BMC Medical Research Methodology (Nov 2010)
Categorisation of continuous exposure variables revisited. A response to the Hyperglycaemia and Adverse Pregnancy Outcome (HAPO) Study
Abstract
Abstract Background Although the general statistical advice is to keep continuous exposure variables as continuous in statistical analyses, categorisation is still a common approach in medical research. In a recent paper from the Hyperglycaemia and Adverse Pregnancy Outcome (HAPO) Study, categorisation of body mass index (BMI) was used when analysing the effect of BMI on adverse pregnancy outcomes.
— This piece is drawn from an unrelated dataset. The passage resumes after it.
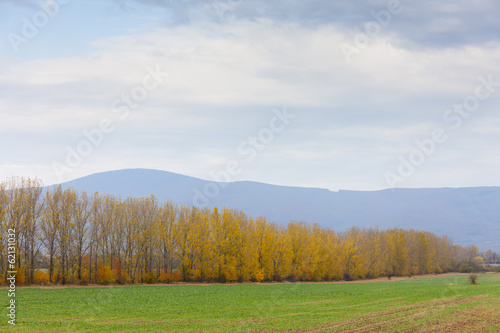 autumn landscape near Sobrance, Slovakia © Richard Semik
The lowest category, labelled "underweight", was used as the reference category. Methods The present paper gives a summary of reasons for categorisation and methodological drawbacks of this approach. We also discuss the choice of reference category and alternative analyses. We exemplify our arguments by a reanalysis of results from the HAPO paper. Results Categorisation of continuous exposure data results in loss of power and other methodological challenges. An unfortunate choice of reference category can give additional lack of precision and obscure the interpretation of risk estimates. A highlighted odds ratio (OR) in the HAPO study is the OR for birth weight >90th percentile for women in the highest compared to the lowest BMI category ("obese class III" versus "underweight"). This estimate was OR = 4.55 and OR = 3.52, with two different multiple logistic regression models. When using the "normal weight" category as the reference, our corresponding estimates were OR = 2.03 and OR = 1.62, respectively. Moreover, our choice of reference category also gave narrower confidence intervals. Summary Due to several methodological drawbacks, categorisation should be avoided. Modern statistical analyses should be used to analyse continuous exposure data, and to explore non-linear relations. If continuous data are categorised, special attention must be given to the choice of reference category.